Ah sì? Chiuso il dibattito? Mi viene in mente a questo proposito il rimpianto Giovanni Testori che sul medesimo Corriere si espresse dicendo: «Meno dibattiti, più battiti». Non un gioco di parole, ma un invito. Discorrendo di aborto se non ascolti il battito del cuore di quello o quella lì che sta nelle acque materne, che cosa ascolti? Il suono fesso delle campane ideologiche? Possibile che si sia così oscurantisti da voler evitare di ascoltare cosa c'è in ballo?

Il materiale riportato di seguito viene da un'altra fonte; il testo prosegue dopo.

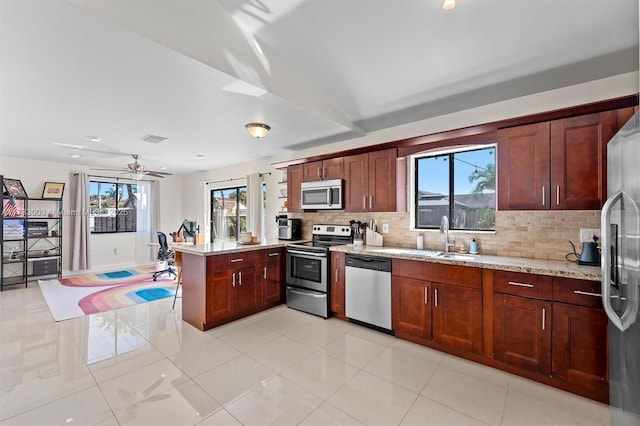 kitchen with sink, decorative backsplash, stainless steel appliances, and light stone countertops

Prima di ascoltare quel muscoletto e farlo eventualmente tacere, vorrei esaminare in senso cronologico ed esistenziale alcuni fatti antecedenti. C'è un atto previo sul quale richiamo l'attenzione di Gruber. Prima dell'aborto c'è tendenzialmente se ricordo bene - il rapporto sessuale. Uno degli effetti più comuni di detto gesto copulatorio, che riguarda un maschio e una femmina, è il restare incinta di quest'ultima. Qualche tempo innanzi, perciò, a che si esplichi il presunto diritto all'aborto, con la connessa e sempre citata lacrimosa tragedia per la committente, sarebbe il caso (...)

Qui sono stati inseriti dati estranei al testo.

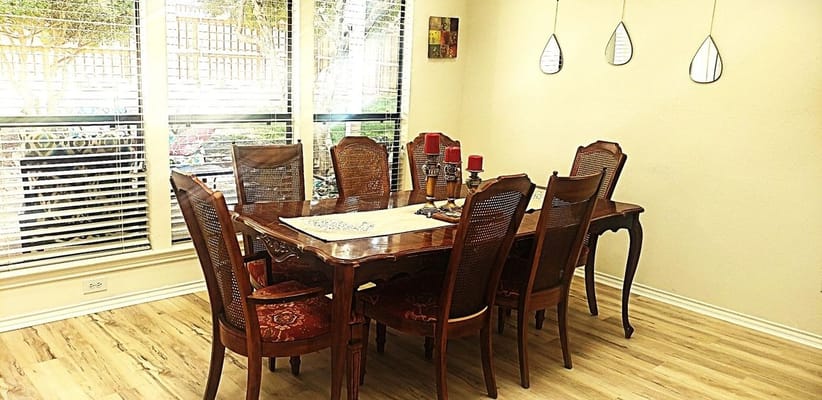 Elegant dining room setup with wooden table and chairs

(...) di non mettersi in condizione di reclamare il «diritto di scegliere», un dilemma che in caso di mancato atto sessuale non si porrebbe. Non è obbligatorio fare sesso. E se vuoi che la questione si risolva con un fazzolettino per asciugarsi e successiva sigaretta, e poi a nanna, o più spesso a casa, senza bisogno di evocare un'interruzione volontaria della gravidanza, ci sono miriadi di rimedi, oltre a quello dell'astinenza. Pare del resto che l'industria farmaceutica dei contraccettivi sia la più florida al mondo dopo quella delle armi (l'ha detto Papa Francesco pochi giorni fa). E raccomando a questo proposito la prevenzione dell'ultima ora, assicurata del vecchio e glorioso preservativo.

Può capitare che per la prepotenza della passione o, caso sciagurato, per la violenza di un delinquente, non ci sia stato modo di prevenire il concepimento. In farmacia, per due euro, vendono la pillola del giorno dopo che devia il naturale corso delle cose verso il nulla di fatto con soddisfazione dei copulanti. Nel caso sia Tizio a rendersi conto della possibilità poco gradita dell'ingravidamento di Tizia uso parole poco romantiche? può acquistare lui la pastiglia.

Come si vede ci sono modi innocui, e magari vietati dalla morale cristiana, di evitare il lieto evento senza ricorrere a una piccola macellazione di una minuscola creatura, peraltro già dotata di piedini. Quando dicono che avrebbero il diritto di parlare di ciò solo le donne, mi permetto di obiettare che quel piedino era il mio, non una protuberanza di un corpo femminile.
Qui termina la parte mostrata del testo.